そして物語の舞台が裁判である以上、「事件性のある何か」が起こっていることと、「イーサン、ショーン、グレイニー」の三人がその事件に絡んでいることがわかる。

このように、物語の核となる部分、その関係性を明かしていきながらも「ネタバレ」だけはしないような絶妙なラインを責めた脚本こそが先が気になってしまう構成の正体だ。

検事が話しかけている相手は警察官などの関係者。

そして、同じ法廷内で確実にその会話を聞いているであろう主要人物の誰か。

裁判のシーンの物語の進み具合から、「過去で何が起こっていたのか」を自然に鑑賞者が推理してしまうような仕掛けが施されていた。

また、証拠品として挙げられた、ビデオカメラから、「実験と称した監視行動」という悪事がすでにバレてしまっていることがわかる。

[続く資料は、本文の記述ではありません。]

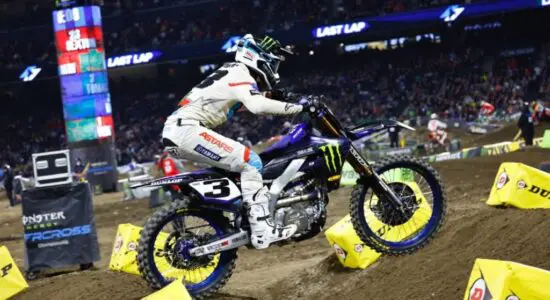 Supercross | Tomac “stecca” la prima sulla Yamaha ma serve tempo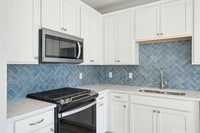 Building Photo - 3 Bedroom 2.5 Bathroom House in Hawthorne ...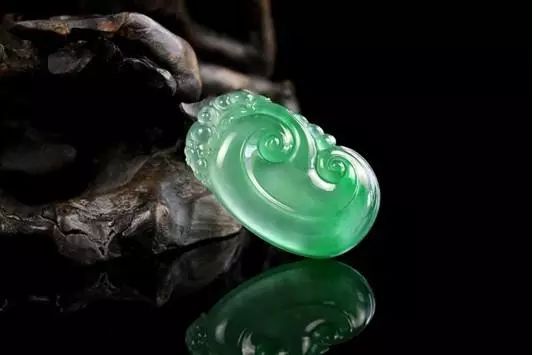 很多人不知道翡翠不戴也要水养，但不能养错了！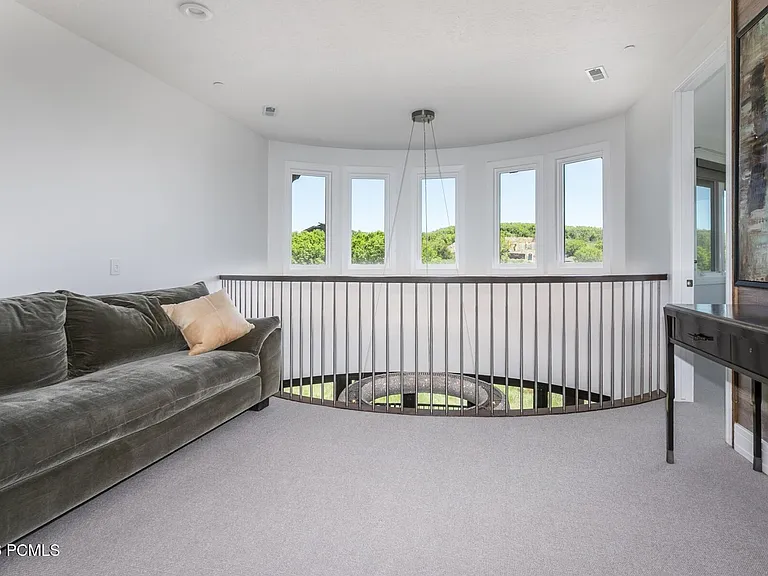 1135 E Lasso Trl — Photo 16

物語は「結末」を先出ししつつ、過去の物語を展開し、真相を究明していく、「鑑賞者」に向けてのリアリティドラマであった点が非常に面白い映画構成となった。

4種類のシーンを使い分ける映像効果と脚本

本作の物語における時系列であるが、「過去」「現在」の二種類、そしてそれ以外の作品の魅せ方に、「ビデオカメラの映像」と「監視カメラの映像」の、合計四種類があるのが、とても面白い作りとなっていた。

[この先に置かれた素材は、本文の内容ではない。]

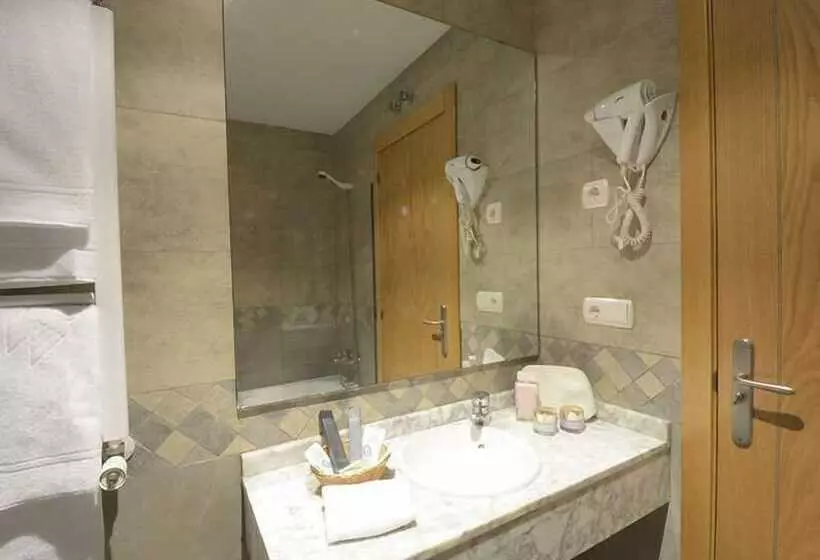 هتل Campos De Castilla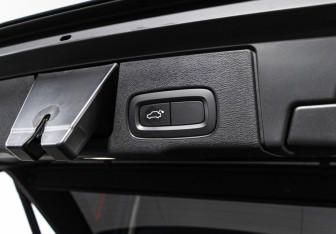 Подержанный автомобиль Volvo XC60 2019 года (16 фото)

物語を見ていて、時折流れる「実験の日記のようなビデオカメラ」これが展開されるのが、現代である裁判シーンそして「グレイニー宅の監視カメラの映像」これが流れるのが過去のシーンであることがわかってくる。

鑑賞者が意識しないままに、四種類もの時系列の異なる映像で、楽しませてくれた映画構成もまた、秀逸な構成となっていた。

本作の重要な快楽要素「安心感」

本作のもう一つの楽しみ方として提唱させるような作りとなっていた要素が、もう一つだけある。

その正体は「人間観察」である。

もっと極端に言ってしまえば、イーサンとショーンと同じ目線で物語を楽しむということである。

映画の干渉に至った人のほぼ全員が見ているであろうあのパッケージそして邦題のキャッチフレーズが、「このジジイ、かなりヤバい」である、気になってしまうのも無理はない。

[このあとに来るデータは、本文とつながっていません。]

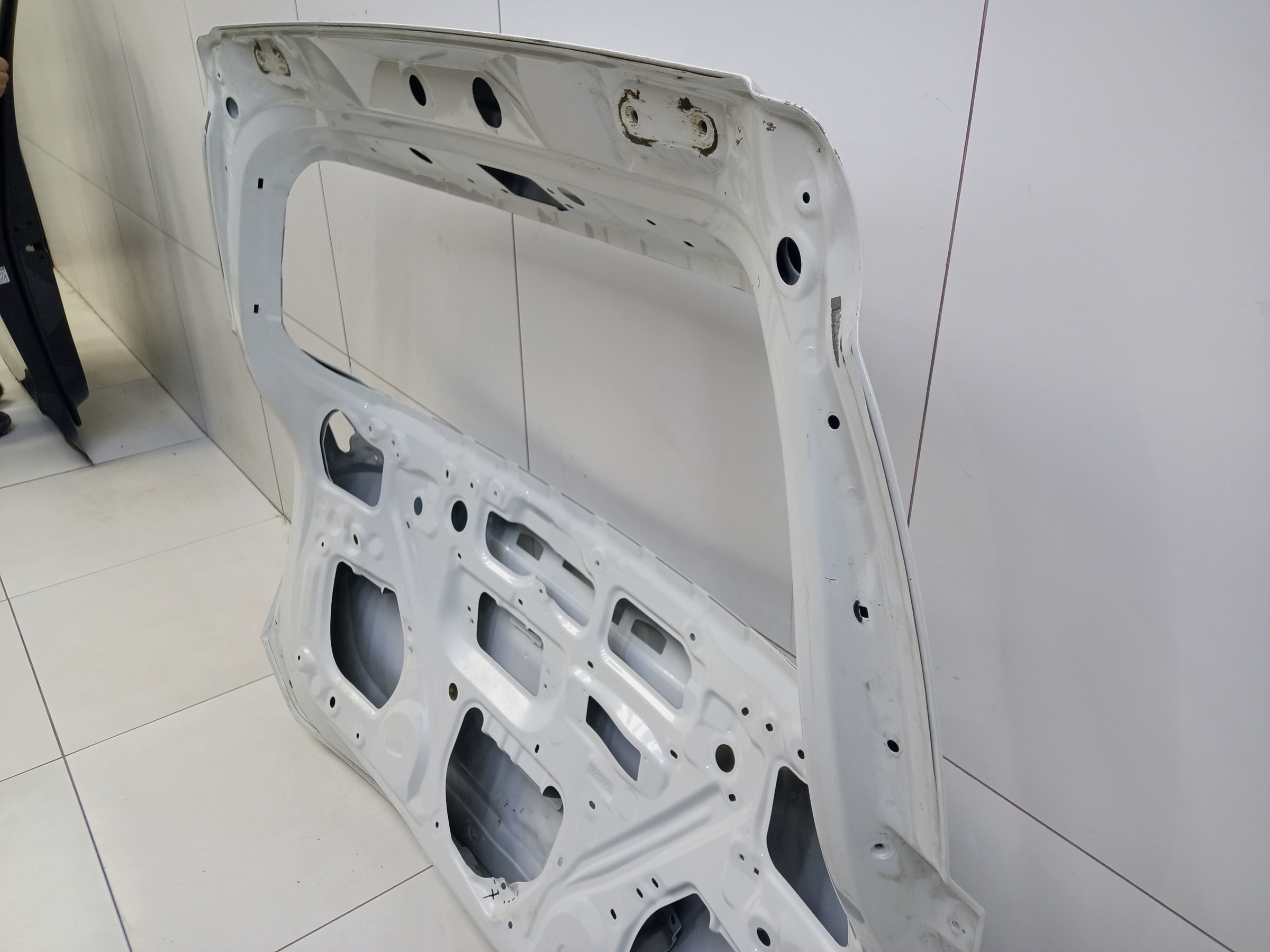 Крышка багажника Toyota RAV4 CA40 Restail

そんなジジイを観察する、ショーン、イーサン、そして鑑賞者の皆さん

主人公たちと一緒に、何が起こるかハラハラしながら鑑賞できるだろう。

そして鑑賞者は「監視カメラ」に加えて、「映画」というフィルターも通している。

危険の及ばないところで、鑑賞している「安心感」という快楽は誰にも止めることはできない。




グレイニーはなぜ自殺したのか?

ここから先は、物語の脚本について触れていこうと思う。

まず、そもそも「なぜグレイニーは自殺したのか?」であるが、これについてはすでに答えが出ているだろう。

それは「妻に呼ばれたから」であるのが答えである。

病気で死んでしまったグレイニーの妻であるが、亡くなる前、グレイニーより、プレゼントとして「呼び出し用のベル」をプレゼントされている。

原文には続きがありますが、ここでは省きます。